Define a function that generates an arithmetic expression tree, given an infix arithmetic expression.

Assume there are only four binary operators involved (+, -, *, /), and there is no parenthesis, and every number is a single digit. * and / have higher precedence than + and -, and if two consecutive operators have the same precedence, they must be evaluated from left to right. We will write createArithmeticExpTree, a function that takes in a valid arithmetic expression as a string and generates an expression tree. Assume the following structure.

struct Node {

Node(char inVal, Node *inLeft, Node *inRight) : val(inVal), left(inLeft), right(inRight) {

}

char val;

Node *left;

Node *right;

};

Here is an implementation of createArithmeticExpTree, which uses a helper function called addOp.
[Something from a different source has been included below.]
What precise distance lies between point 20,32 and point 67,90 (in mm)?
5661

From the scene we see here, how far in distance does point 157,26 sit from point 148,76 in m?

Node *createArithmeticExpTree(string exp) {

if (exp.empty())

return NULL;

Node *root = new Node(exp[0],NULL, NULL);

for (int i = 1; i < exp.size(); i += 2)

root = addOp(root, exp[i], exp[i + 1]);

return root;

}

(a) On the next page, provide the implementation for addOp.

// op: an operator to be added

// digit: a right-hand side operand that goes with op

Node *addOp(Node *root, char op, char digit) {

}

(b) Write evaluate, which takes in an arithmetic expression tree and returns the evaluated result of the expression. Assume the division (/) is integer division (i.e., decimal points are cut off).

int evaluate(Node *root) {

}